• [What to do] In the material below, find each line with the string "Leather" and copy it.

• [Extracted information]
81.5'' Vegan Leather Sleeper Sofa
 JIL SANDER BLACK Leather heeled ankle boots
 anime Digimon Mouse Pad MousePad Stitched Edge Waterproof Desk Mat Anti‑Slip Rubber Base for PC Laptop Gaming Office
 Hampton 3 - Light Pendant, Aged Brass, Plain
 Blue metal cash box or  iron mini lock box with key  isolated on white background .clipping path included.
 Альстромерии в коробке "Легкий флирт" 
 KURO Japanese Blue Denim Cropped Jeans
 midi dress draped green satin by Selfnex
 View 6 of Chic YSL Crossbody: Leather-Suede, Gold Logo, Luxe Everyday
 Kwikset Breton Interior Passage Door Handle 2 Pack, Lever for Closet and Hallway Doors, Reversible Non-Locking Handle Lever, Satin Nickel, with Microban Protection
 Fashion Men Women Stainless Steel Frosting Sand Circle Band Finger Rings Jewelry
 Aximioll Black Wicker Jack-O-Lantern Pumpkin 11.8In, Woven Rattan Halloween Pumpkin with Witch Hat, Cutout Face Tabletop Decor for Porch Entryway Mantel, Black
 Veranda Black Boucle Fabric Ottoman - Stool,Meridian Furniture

• [Response box]
81.5'' Vegan Leather Sleeper Sofa
 JIL SANDER BLACK Leather heeled ankle boots
 View 6 of Chic YSL Crossbody: Leather-Suede, Gold Logo, Luxe Everyday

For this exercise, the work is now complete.